Hockey WM
Perfekter Peters-Abschied vom Hockey

Einen besseren Abschied hätte sich der scheidende Hockey-Bundestrainer Bernhard Peters nicht wünschen können. Mit dem WM-Titel im Gepäck wechselt der 46-Jährige nun die Sportart. Der DHB will derweil die Euphorie nutzen.

Ein "Happy End" wie aus dem Bilderbuch erlebte Hockey-Bundestrainer Bernhard Peters am Sonntag in Mönchengladbach: Mit dem zweiten WM-Titel beschenkte ihn die Nationalmannschaft zu seinem Abschied vom Hockey, drehte dabei einen 1:3-Rückstand gegen Olympiasieger Australien in der Schlussviertelstunde noch herum. Von Wehmut wollte der zum Fußball wechselnde DHB-Coach da nichts wissen: "Da habe ich heute keine Lust drauf. Heute will ich mich nur freuen, ich bin einfach nur sehr stolz."

Mit "Bernie-Bernie"-Sprechchören hatten die 12 000 Fans im Hockey-Park in Mönchengladbach den erfolgreichsten Coach einer olympischen Ballsportmannschaft in der deutschen Sportgeschichte schon vor dem mitreißenden Finale gegen Olympiasieger Australien gefeiert. Nach dem 4:3 (1:2)-Erfolg aber kannte der Jubel um den Macher und sein Team keine Grenzen mehr. Spät am Abend wurden sie noch einmal alle auf die Bühne vor dem VIP-Zelt gerufen und einzeln vorgestellt, die 18 Spieler, alle Betreuer und natürlich "Bernie, Bernie".

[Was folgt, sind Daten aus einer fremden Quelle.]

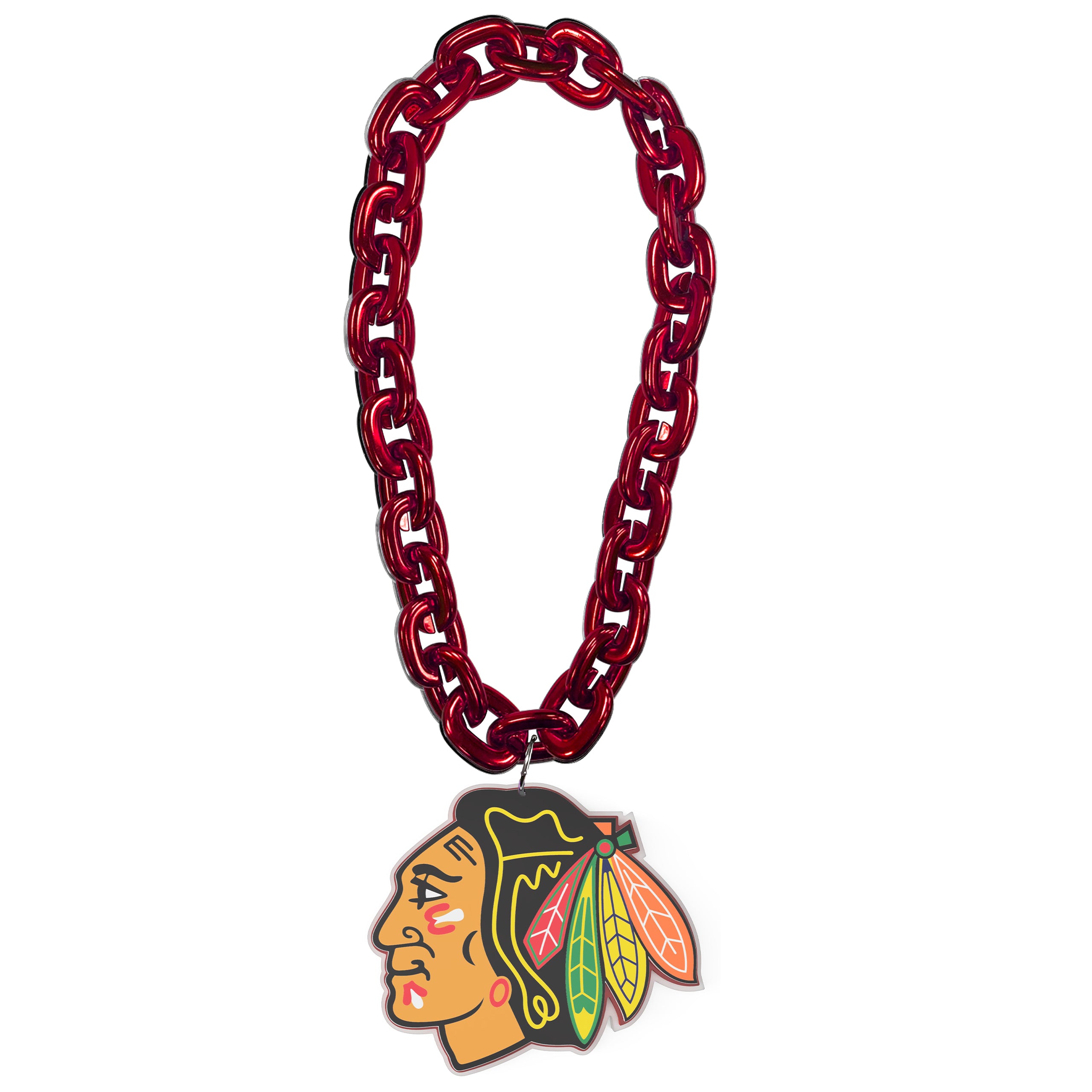 Collier à chaîne rouge FanChain FanFave NHL des Blackhawks de Chicago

Doch auch für den Deutschen Hockey-Bund an sich war der Sonntag das I-Tüpfelchen auf einer rundum gelungenen, zwölftägigen Veranstaltung: Mehr als 100 000 Zuschauer strömten in den Hockey-Park, davon laut OK-Chef Joachim Hürter etwa 30 Prozent Hockey-Fremde. Der Zwei-Millionen-Etat wurde dadurch gedeckt, außerdem war die TV-Berichterstattung so umfangreich wie nie abseits Olympischer Spiele.

"Wollen WM-Erfolg auf die Klubs übertragen"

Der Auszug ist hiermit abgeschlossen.